TASK
Copy exactly the lines starting at the one that contains "Sunset Cafe Beach" and running through the end of the material below. Exclude any pictures.

THE DATA
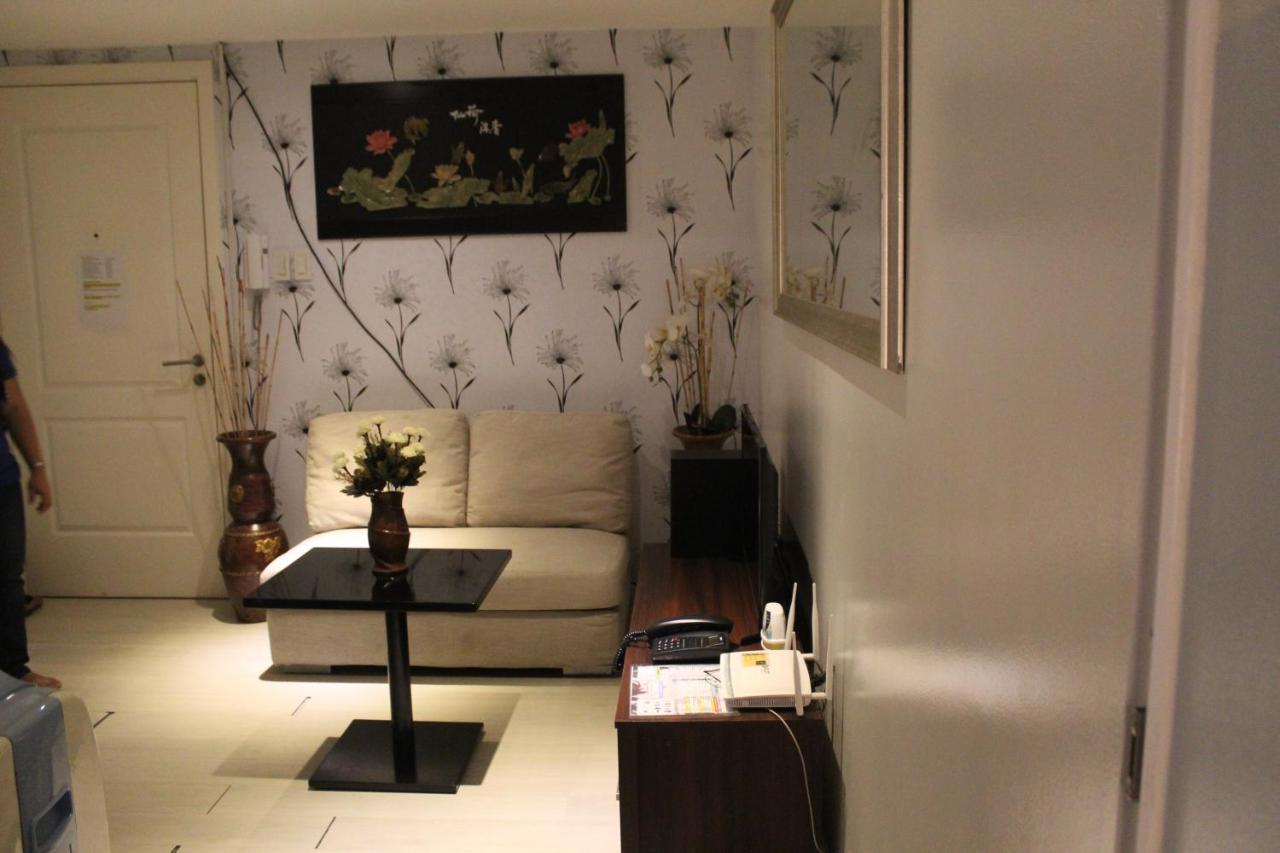 Azure C2 Balcony Wifi Near Mall Airport Multiple Units Paranaque City Exteriér fotografie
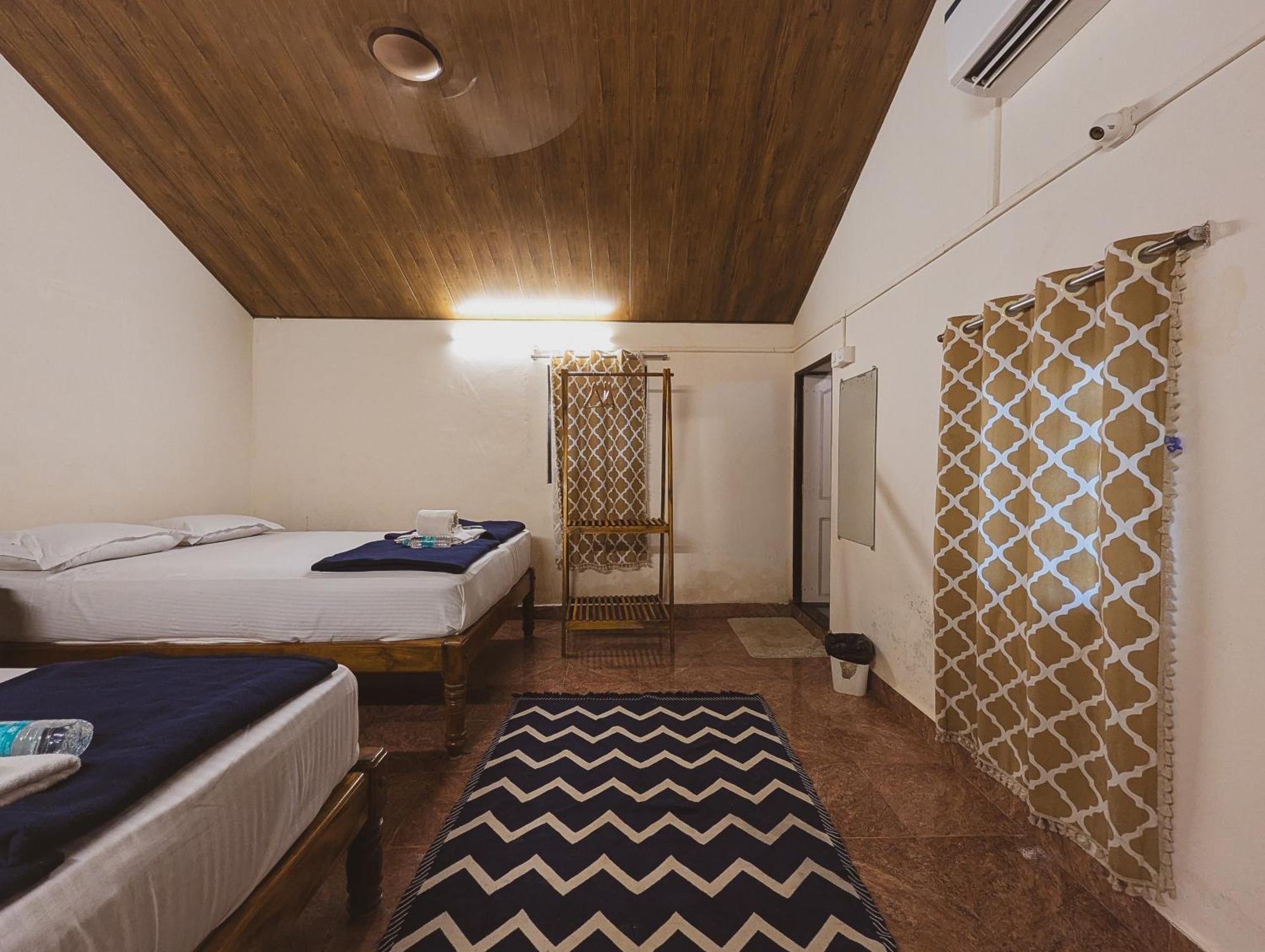 Sunset Cafe Beach Stay Gokarna  Exterior photo
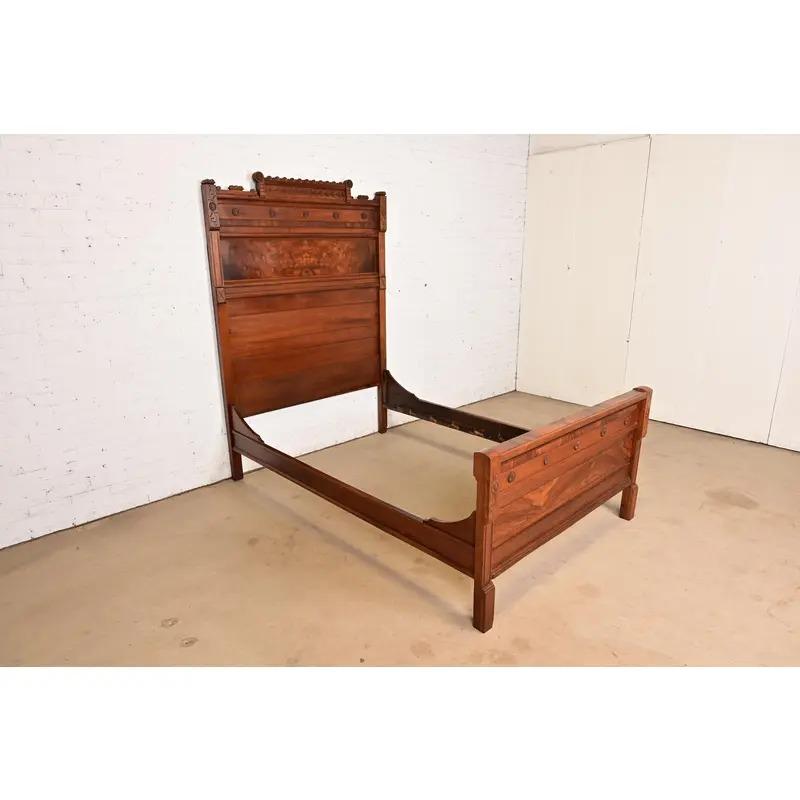 Lit complet victorien ancien en noyer ronceux, Circa 1880s, style Herter Brothers Bon état - En vente à South Bend, IN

ANSWER SPACE
 Sunset Cafe Beach Stay Gokarna  Exterior photo
 Lit complet victorien ancien en noyer ronceux, Circa 1880s, style Herter Brothers Bon état - En vente à South Bend, IN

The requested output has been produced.